The accident near Kadoma, 175 km west of Harare, has highlighted the safety issues in illegal gold miners, who last year contributed significantly to the record bullion output of 33 tonnes in Zimbabwe.
The miners were trapped on Tuesday night when the shafts they were working in were flooded after a nearby dam burst. Initial reports suggested the artisanal miners trapped were between 23 and 38, but the government said Friday there could be as many as 70.
Some of the shafts were 100 metres deep and rescue teams from nearby mines and the Civil Protection Unit were pumping water from shafts and tunnels before recovering the bodies. Authorities do not expect to find survivors.
Relatives of the gold miners on Friday expressed frustration at the slow pace of rescue efforts.

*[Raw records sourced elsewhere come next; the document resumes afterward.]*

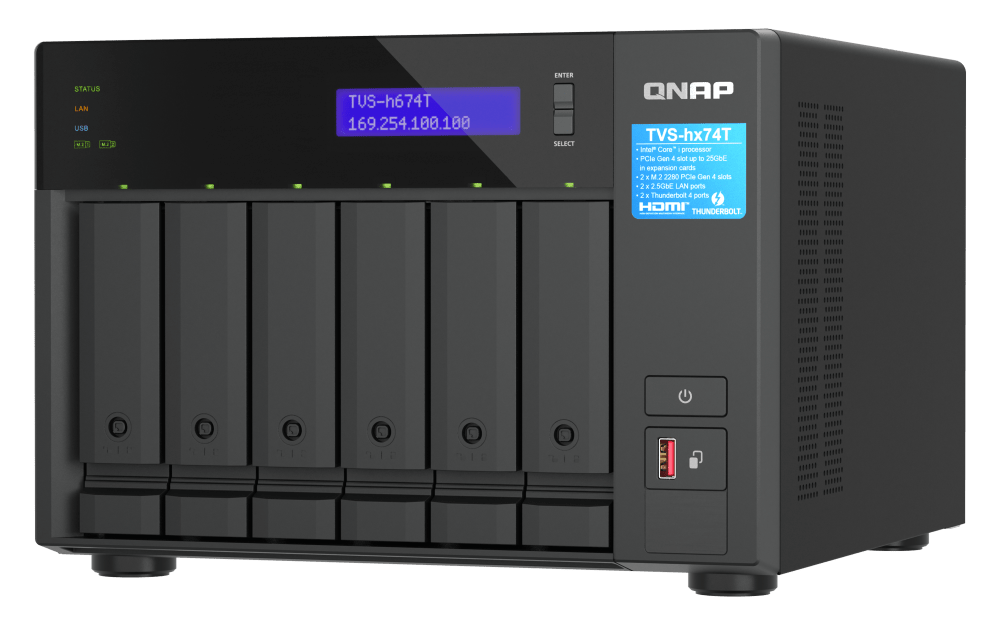 QNAP TVS-h674T 6-Bay Thunderbolt Tower NAS - ACE Peripherals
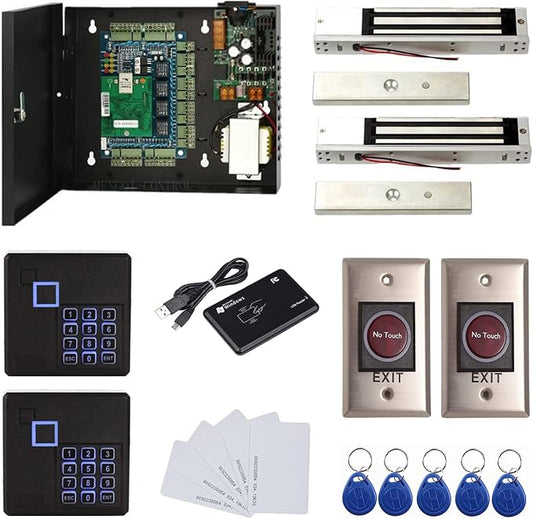 2 Door Access Control Board System 600lbs Electromagnetic Lock Infrared NoTouch Exit Button Keypad Reader 110~240V Power Supply Box USB Enroll Reader Card Key Fob APP remotely Open Door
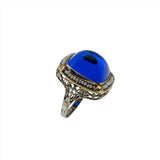 Ocean Starlight - Art Deco 14K Gold Sugar Loaf Sapphire Glass Natural Seed Pearl Filigree Ring (ADR250)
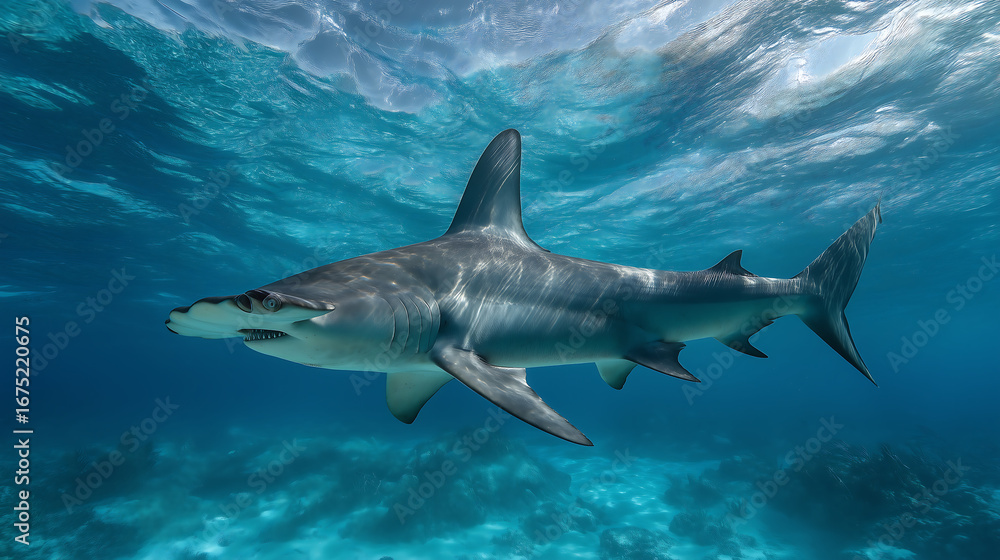 Obraz premium Scalloped hammerhead shark swimming in ocean, concept of marine wildlife predator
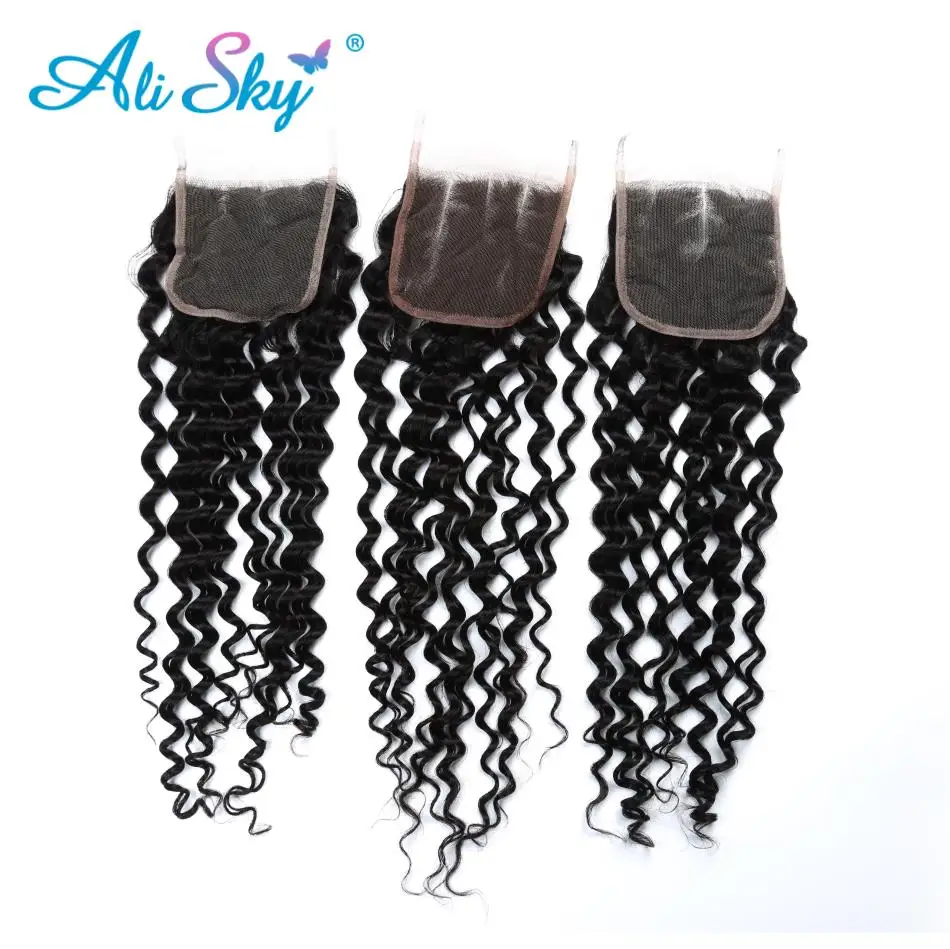 Ali Sky Hair Indian Deep Curly 4 Bundles With Closure Non-emy Hair 5 Pcs/lot Extension Weave Human Hair Bundles With Closure Ali Sky Hair Indian Deep Curly 4 Bundles With Closure Non-emy Hair 5 Pcs/lot Extension Weave Human Hair Bundles With Closure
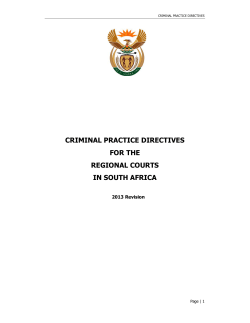 criminal practice directives for the regional courts in south africa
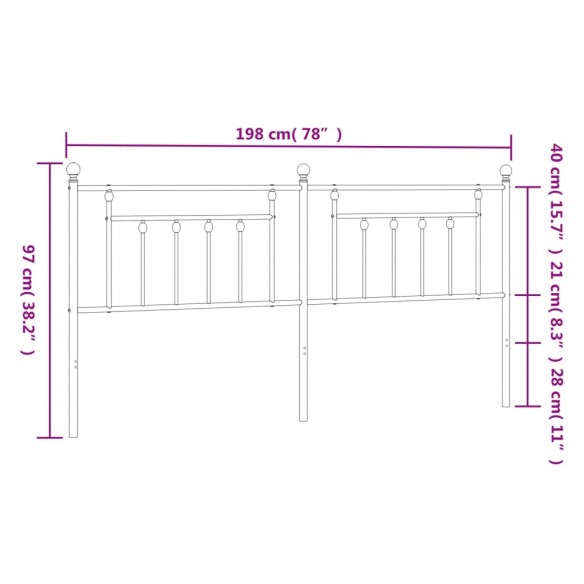 Tête de lit métal noir 193 cm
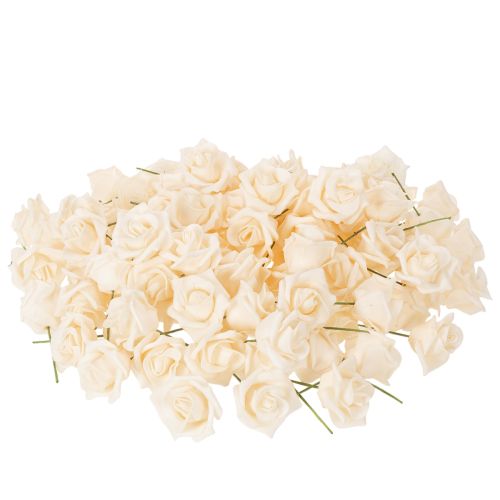 Tekoruusu, kermanvärinen, 10 cm kukinto varressa, 100 kpl | Floristik24.fi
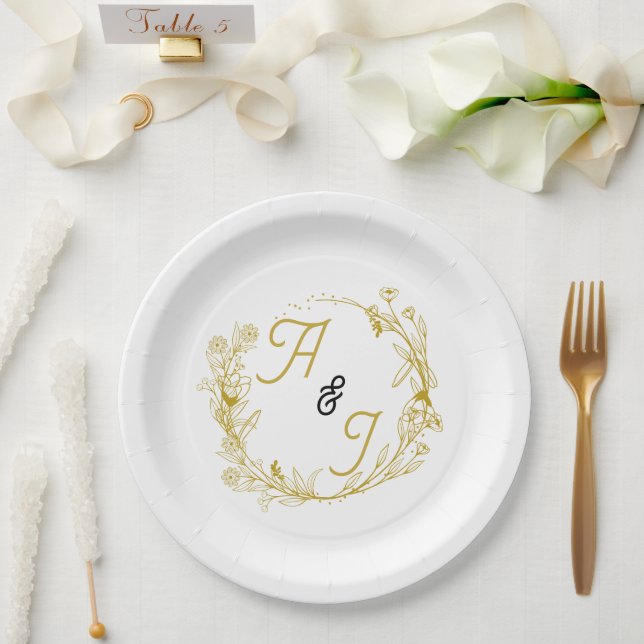 Bearbeitbare goldene florale Hochzeit  Pappteller (Hochzeit)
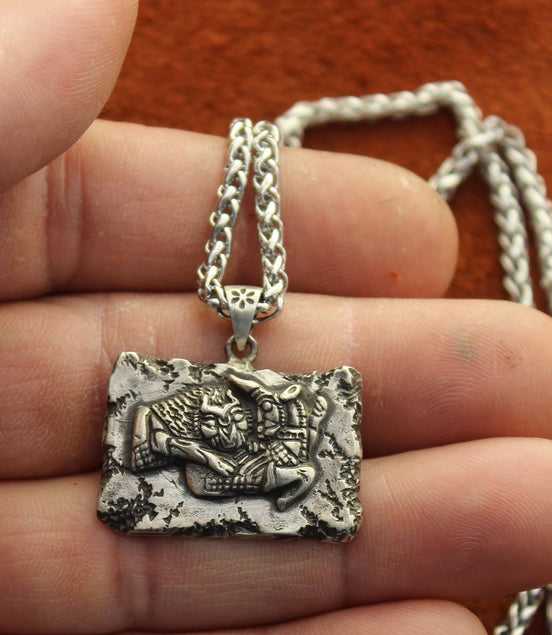 Sterling Silver Persian Empire Lion Bull Fight Achaemenid Iranian Necklace Pendant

Rescuers had hoped to start bringing the miners out by Friday afternoon but the amount of water in the pits and underground tunnels slowed progress.

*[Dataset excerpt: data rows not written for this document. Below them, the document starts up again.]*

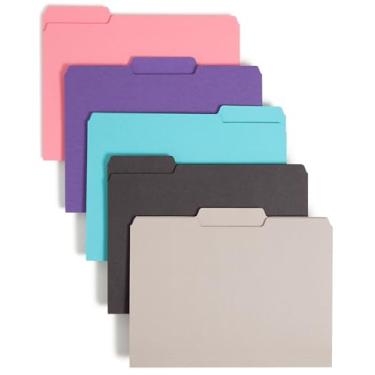 Imagem de Smead Pasta de arquivo interna, aba de corte 1/3, tamanho carta, cores sortidas em tons de joias, 100 por caixa, pastas de arquivo expansíveis para armário de arquivo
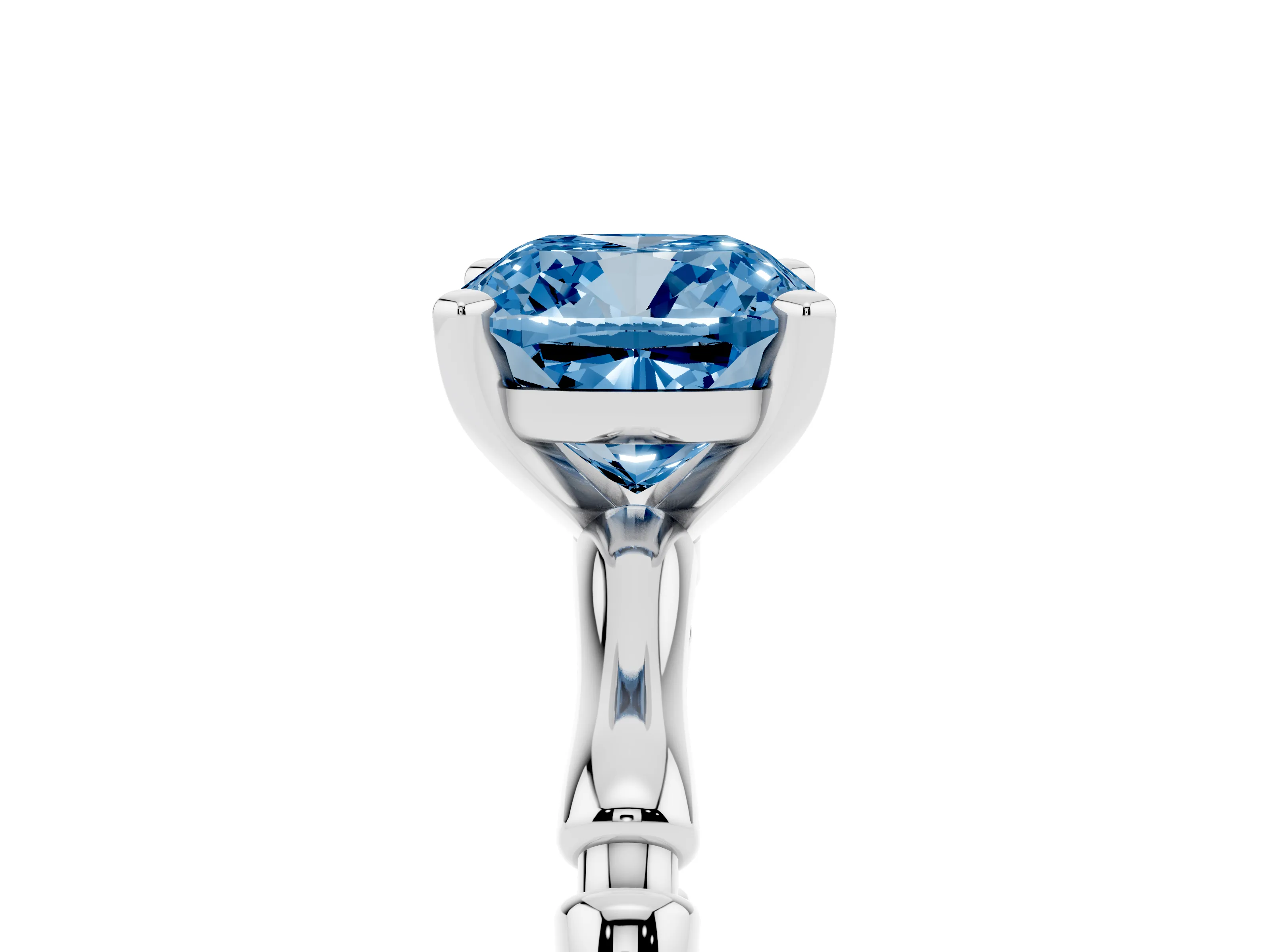 Fancy Blue Cushion Cut Diamond Solitaire Ring Set in White gold with Bamboo Band and Prong Setting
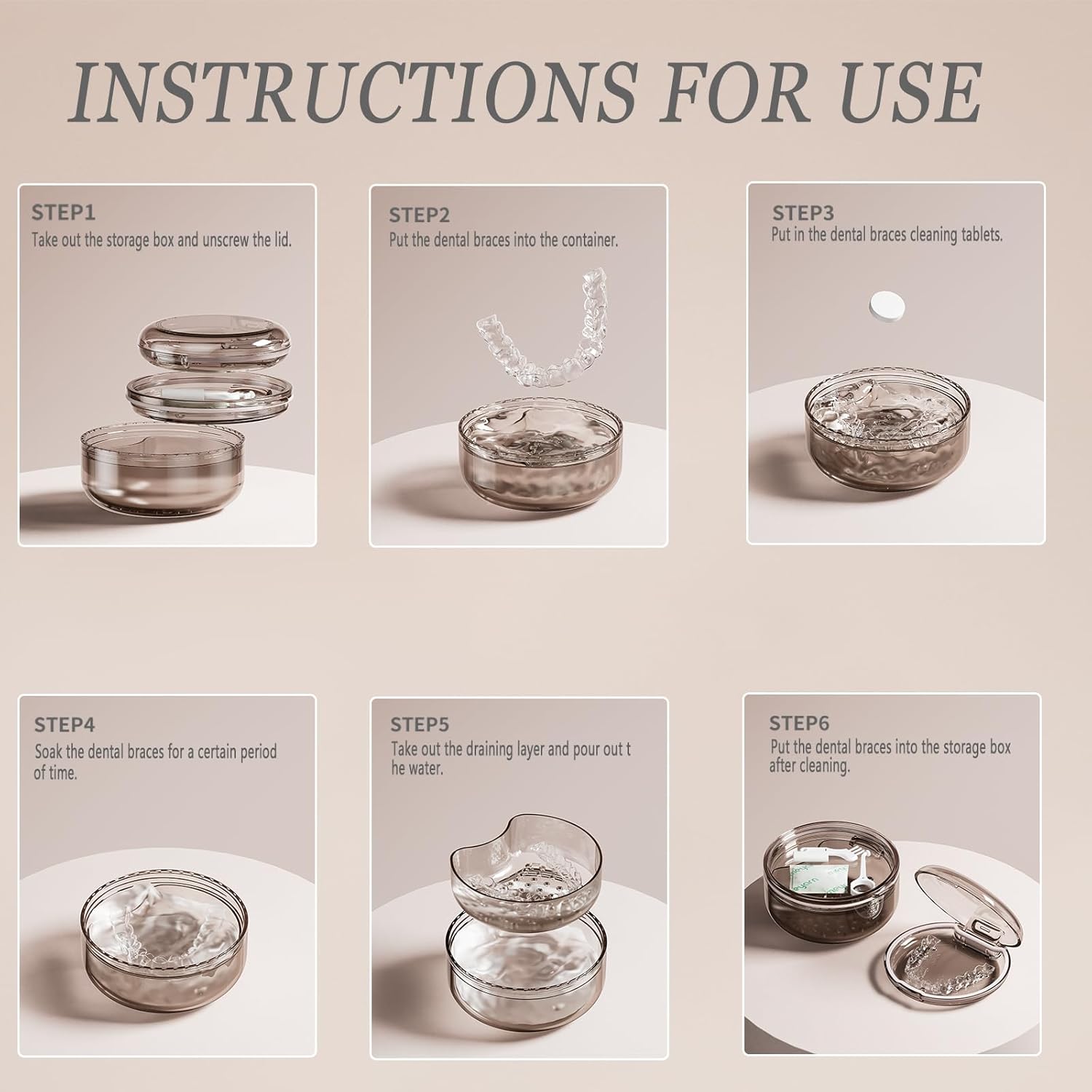 2 in 1 Retainer Case Retainer Bath Case for Cleaning and Store Retainer Mouth Guard Aligner Night Guard Partial Denture, All-in-one Retainer Bath and portable storage case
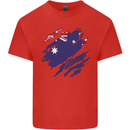 Torn Australia Flag Australian Day Football Mens Cotton T-Shirt Tee Top Red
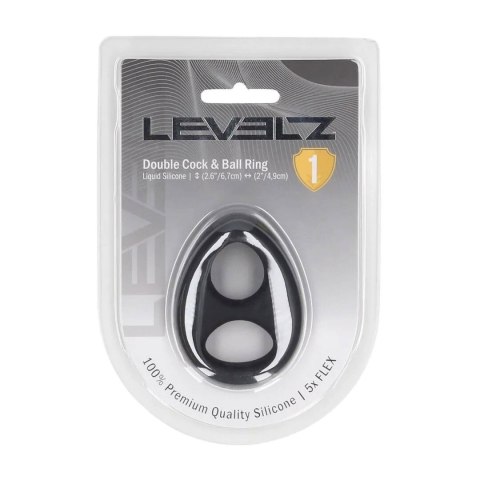 Double Liquid Silicone Cock and Ball Ring - Black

“We lost a lot of people and what is so painful is that we see a lot of rescue people but it’s been three solid days without any success,” Albert Mazongo, whose two brothers were trapped in the shafts, told Reuters.

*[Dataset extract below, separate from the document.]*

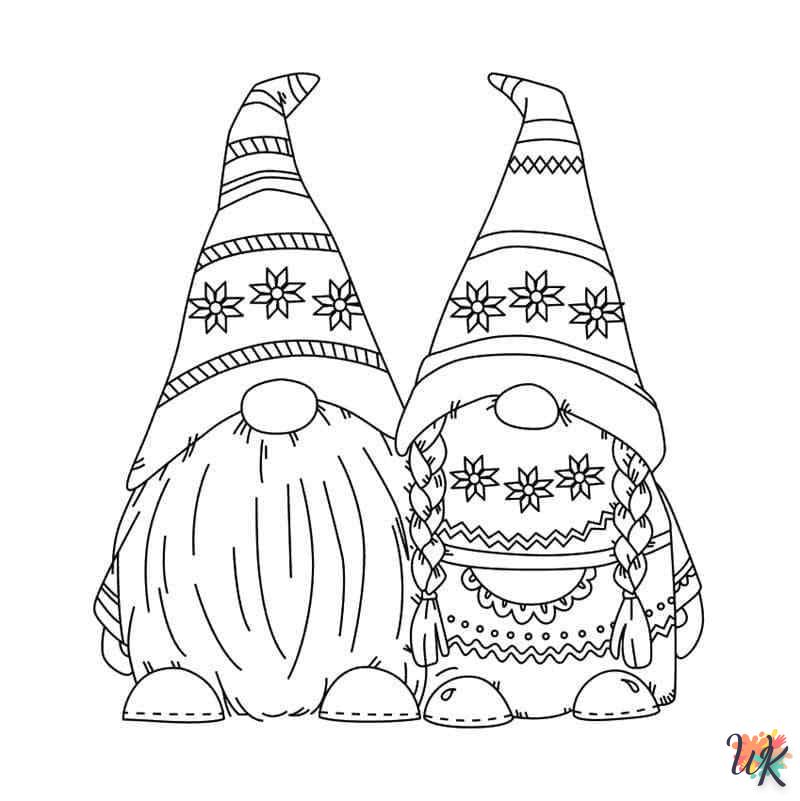 coloriage Gnomes de Noël  pour enfant a imprimer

Local Government Minister July Moyo said in a statement the government had declared a state of disaster and that up to 70 people could have been trapped in the pits.
“Currently, frantic efforts are being made to pump out the water from the flooded shafts before the retrieval of the victims,” Moyo said without giving a timeframe.
Battlefields and surrounding areas are rich in gold deposits and popular with artisanal miners who use picks and shovels and generator-powered water pumps. The makeshift shafts and tunnels can easily collapse in the rainy season when the ground is soft.
The pits are dotted around a clearing some 8km from the main dirt road. On the edges are shacks made of plastic which serve as accommodation for those digging for gold.
At abandoned mines, the miners, known locally as “Makorokoza”, usually sneak in at night and can disappear into shafts and tunnels for more than two days.
They sell their gold to central bank subsidiary Fidelity Printers and Refiners or private buyers.
Relatives said the trapped miners were caught unawares as they went about their routine work in the shafts, some of which were 100 meters deep.
“They should give us the chance to go into the pits because we know the pits better than them,” Mazongo said, as the sound of water pumps clearing the shafts hummed through the air.
Carlos Daka, who also mines in the shaft but was not working on the fateful night, said he considered himself lucky but was grieving for his colleagues.
“I am in tears because most of the people trapped down there are my age – between 21 and 23 years of age – so really it’s so painful that they are trapped,” he said.
A spokesman for the Civil Protection Union, which is coordinating the rescue effort, had no immediate comment.
Eunica Zvitiki, a mother whose son was trapped in one of the pits said she did not think he would be found alive.
“From what I am seeing and the level of water I saw, there is little chance of that happening. I am preparing for the worst,” she said.